Next, we will discuss how we can detect anomalies present in the data and remove them to create a clean data set to train our model.
Next, we’ll look at a technology called Docker that is used for deploying models in isolated and portable environments. We will see how we can deploy our model in what is known as a Docker container.
Instead of using one-hot encoding for day and month features and appending them to the categorical_columns variable, let’s imagine you want to use embeddings to represent these features. You can use the feature column tf.feature_column.embedding_column for this. Assume an embedding dimensionality of 32. You have the feature names of day and month columns stored in _VOCAB_FEATURE_KEYS (contains ['day', 'month']) and their dimensionality in _MAX_CATEGORICAL_FEATURE_VALUES (contains [7, 12]).

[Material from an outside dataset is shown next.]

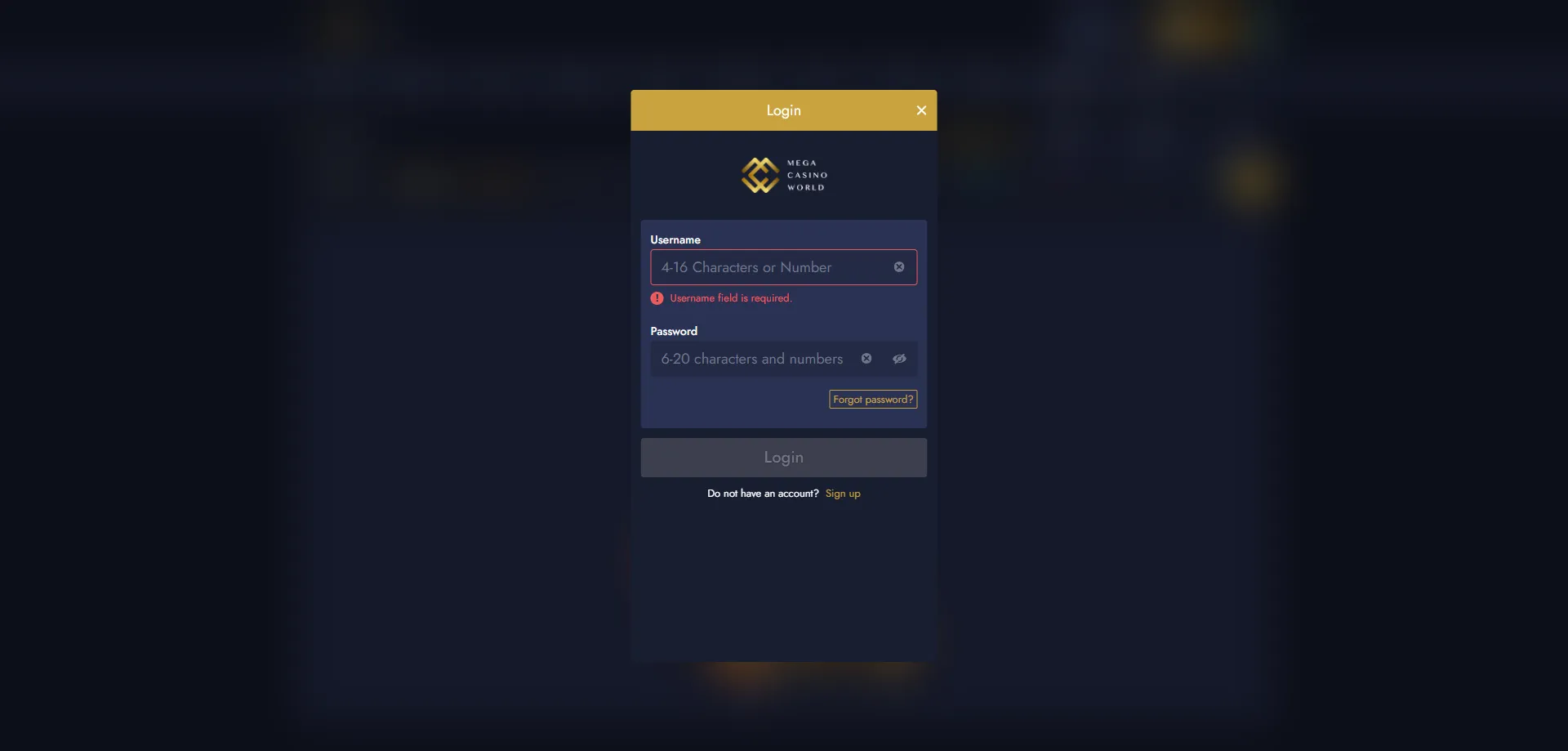 Mcw Mega casino mobile login screen on Android and iOS devices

You have developed a data pipeline and a robust model that can be used to predict the severity of forest fires based on the weather data. Now you want to go a step further and offer this as a more accessible service by deploying the model on a machine and enabling access through a REST API. This process is also known as productionizing a machine learning model. To do that, you are first going to create an isolated environment dedicated to model serving. The technology you will use is Docker.
CAUTION It is vitally important that you have Docker installed on your machine before proceeding further. To install Docker, follow the guide: https://docs.docker.com/engine/install/ubuntu/.

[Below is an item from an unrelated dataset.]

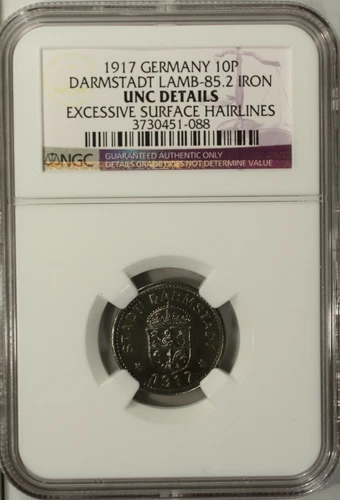 Germany 10 Pfennig 1917 NGC UNC Details Iron Darmstadt Lamb-85.2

In TFX, you can deploy your model as a container, where the container is provisioned by Docker. According to the official Docker website, a Docker container is
a standard unit of software that packages up code and all its dependencies so the application runs quickly and reliably from one computing environment to another.

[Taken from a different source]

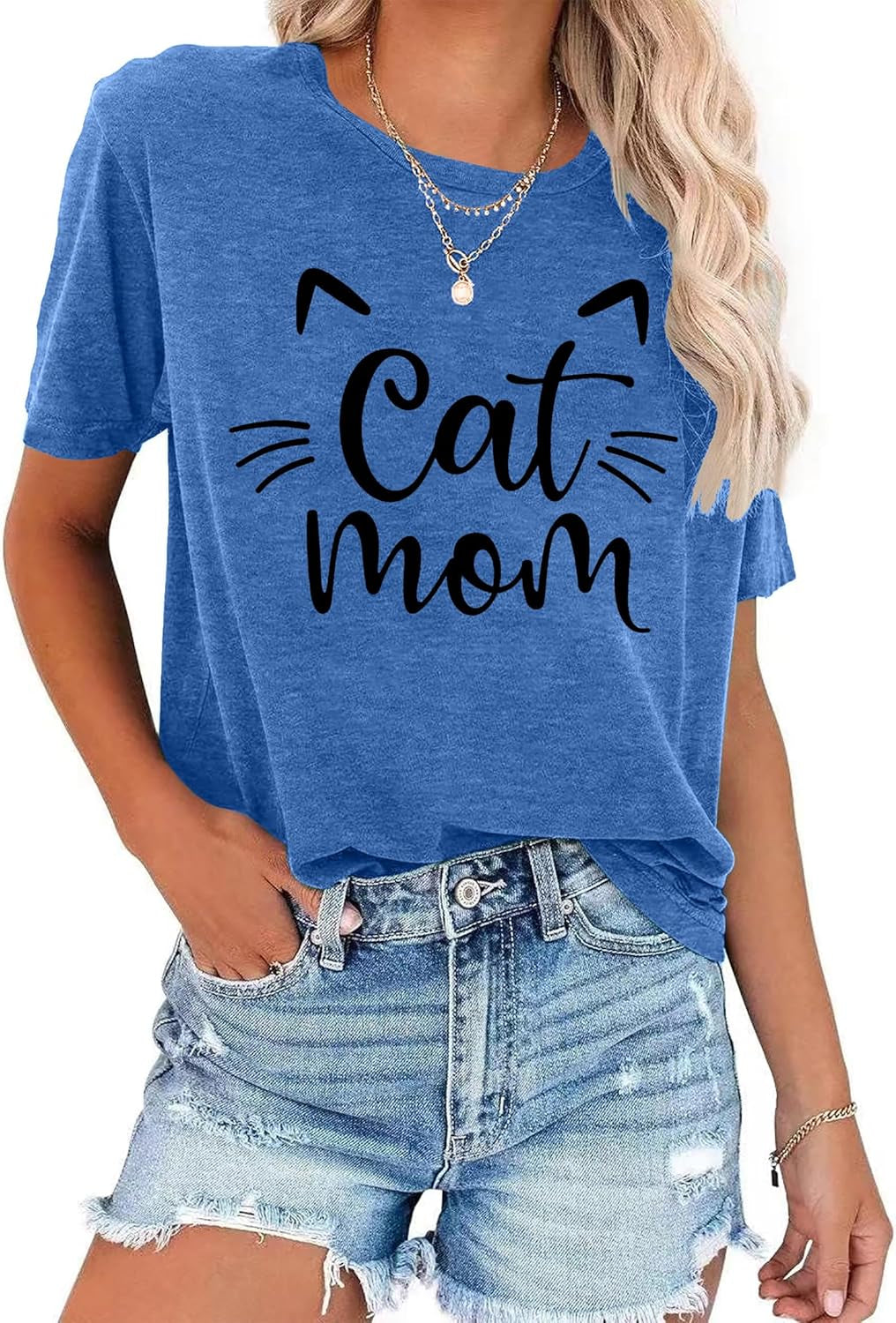 Cat Mom Shirts for Women Cat Mama T-Shirts Pet Lover Gifts Shirts Funny Cat Graphic Tees Shirts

Source: https://www.docker.com/resources/what-container
Docker is a containerization technology that helps you run a software (or a microservice) isolated from the host. In Docker, you can create an image, which will instruct Docker with various specifications (e.g., OS, libraries, dependencies) that you need in the container for it to run the software correctly. Then a container is simply a run time instance of that image. This means you enjoy a higher portability as you can create a container on one computer and run it on another computer easily (as long as Docker is installed on two computers). Virtual machines (VMs) also try to achieve a similar goal. There are many resources out there comparing and contrasting Docker containers and VMs (e.g., http://mng.bz/yvNB).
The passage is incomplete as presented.